The proponents say the new methods will eventually expand titanium supply and bring down titanium prices. "It is our intention to substantially reduce the cost of titanium," said Leo Christodoulou, who heads the materials science programs at the Pentagon's Defense Advanced Research Projects Agency, or Darpa. "Our goal for the program is for the cost of titanium to [eventually] be less than $4 a pound in the primary billet form." That is about one-half to one-tenth of the current price, depending on the grade being sold.
It could also reduce U.S. dependence on imports. The U.S. imported roughly 25,100 metric tons of titanium sponge in 2006, according to the U.S. Geological Survey, double the domestic capacity to make sponge and double the level of imports from 2004. Although the tonnage of titanium imports seems small, its dollar value is hefty. While basic steel generally costs less than $1,000 a metric ton, titanium sponge costs more than $10,000 per metric ton, according to the survey.
The material-science division of Darpa has doled out more than $20 million in research grants to the various projects. The organization, which acts as a venture-capital agency of the government, gave a $1.2 million grant to start-up International Titanium Powder LLC in 2004 to reduce titanium to a powder metal. In 2003, it gave major titanium producer Titanium Metals Corp., or Timet, $12.3 million for researching its method, which it eventually shelved. A joint venture between DuPont and start-up MER Corp., of Tucson, Ariz., to make titanium powder received $5.7 million in 2006.
ITP is in the early stages of commercialization, making and selling several hundred pounds of titanium per month at its pilot facility in Lockport, Ill. Taras Lyssenko, director of government relations and business development for ITP, said his company hopes to make 50 million pounds of titanium annually in five years. "Our objective is to make titanium a commodity," he said.
DuPont, of Wilmington, Del., is a major producer of titanium dioxide pigment, used for paints, plastics and other products. The new processes don't apply to that business, which is a separate industry. But since it mines and buys so many titanium minerals, it hopes to become a larger raw-material provider to titanium makers and possibly a metal or metal products producer itself.

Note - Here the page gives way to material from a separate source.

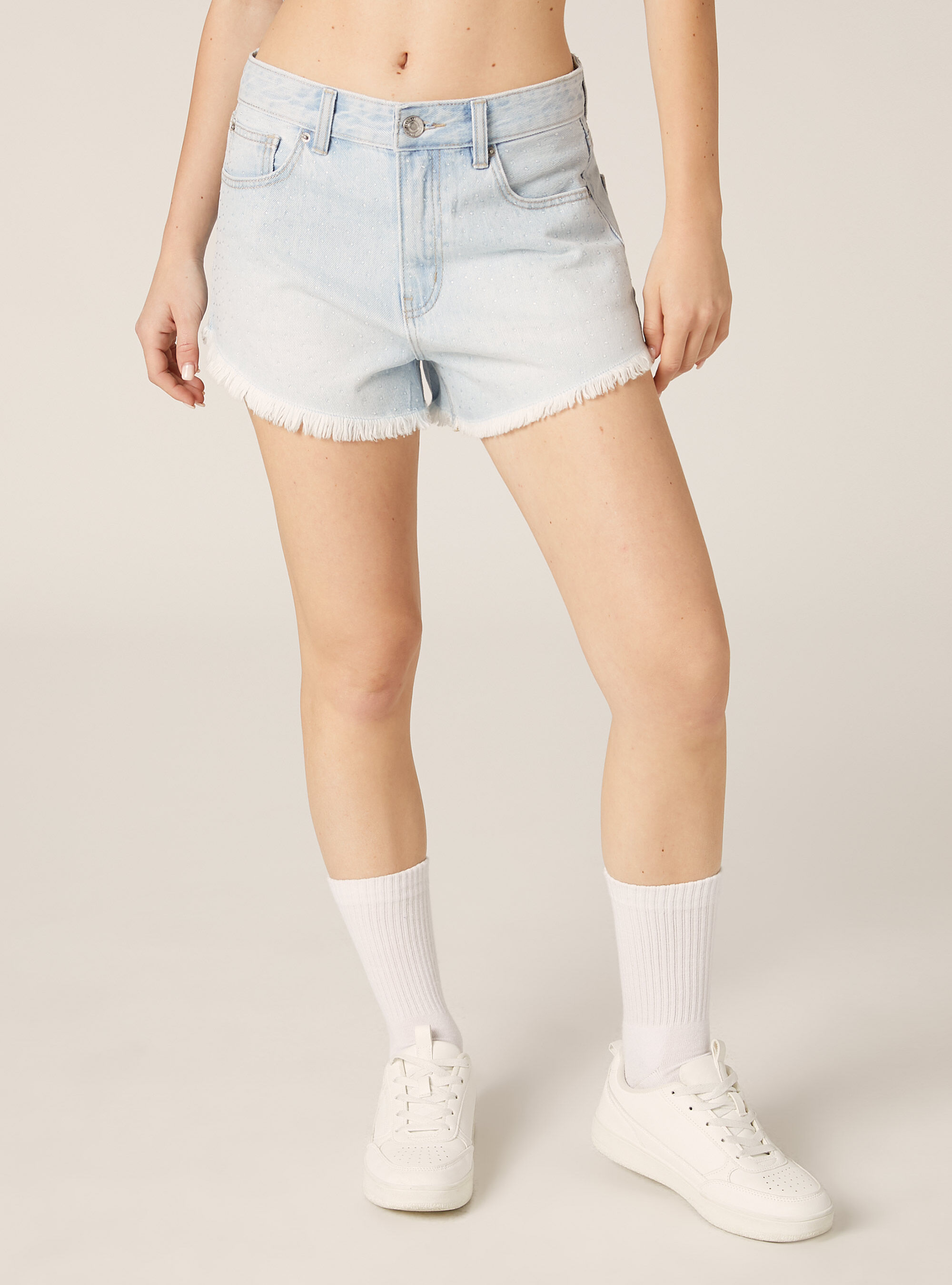 Denim shorts with rhinestones, D006 AZURE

"We believe that if we can make titanium metal parts available at lower costs, the market will grow," says Michael Hyzny, titanium venture manager for DuPont. The company opened a titanium metal plant with Honeywell International Inc. late last year in Salt Lake City, to convert titanium sponge into metal powder.
Major U.S. titanium producers have benefited from the boom. Timet, for example, saw its net sales rise 58% in 2006 from 2005 and saw its net income nearly double to $247 million in 2006. Still, it isn't as active in the Darpa research efforts. Timet President Chuck Entrekin said his company had pursued a new technology with a Darpa research contract that ended in 2005 but declined further comment. Darpa says Timet's project wasn't as competitive as the others in development.
Timet is the largest U.S. titanium sponge producer at present with 12,600 metric tons of sponge-making capacity per year but could be surpassed by Allegheny Technologies Corp. of Pittsburgh, which plans to expand its sponge-making capacity next year to 21,000 metric tons, up from 5,900 this year. The other large titanium metal maker in the U.S., RTI International Inc. of Ohio, isn't a major producer of titanium sponge. Executives at Allegheny Technologies declined to comment. Executives at RTI International weren't available.
One smaller titanium producer says the new processes are generating a good deal of buzz but doubts the "titanium revolution" will take hold quickly. "I don't think it's the Holy Grail," said Frank Perryman, a partner in Houston, Pa., titanium producer Perryman Co. "It's in the right direction. There's not going to be one home run. There has never been a home run in any metal. It takes little baby steps."